Associação entre altas dadas à noite na UTI e desfechos dos pacientes.

Hanane T; Keegan MT; Seferian EG; Gajic O; Afessa B. The association between nighttime transfer from the intensive care unit and patient outcome. Critical Care Medicine 2008; Aug 36 (8): 2232-37. [Link Livre para o PubMed].

 

Fator de Impacto (Critical Care Medicine): 6,283

 

Contexto Clínico

            A demanda por leitos de UTI (o que hoje em dia é um dos fatores que mais causa impacto na superlotação dos pronto-socorros) e um dimensionamento ruim da equipe na terapia intensiva pode impactar em um planejamento errático nas altas para outros setores (enfermarias), mesmo que existam critérios bem estabelecidos de admissão e alta para setores de terapia intensiva, fazendo que muitos pacientes sejam transferidos para enfermarias no período da noite.
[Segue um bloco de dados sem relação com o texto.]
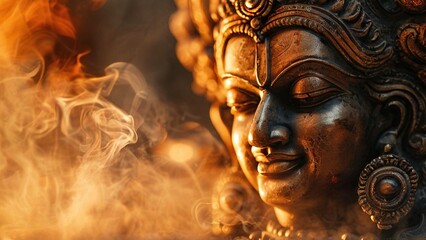 Serene bronze deity statue in smoky firelight. Spiritual peace, meditation, devotion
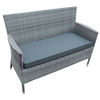 Katie Blake - Sandringham 2 Seat Bench - Grey Rattan (Grey Cushions)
            Poderíamos elencar duas grandes causas para essas altas ocorrerem no período noturno:

1-     Uma alta planejada que não se concretiza ao longo do dia porque não há leito disponível, porque a enfermagem não está disponível, ou por problemas burocráticos.

2-     Uma alta não planejada de um paciente que ainda precisaria de monitorização, mas que libera o leito para a vinda de um paciente mais grave (dado embasado em um estudo de Goldfrab e Rowan publicado na Lancet em 2000).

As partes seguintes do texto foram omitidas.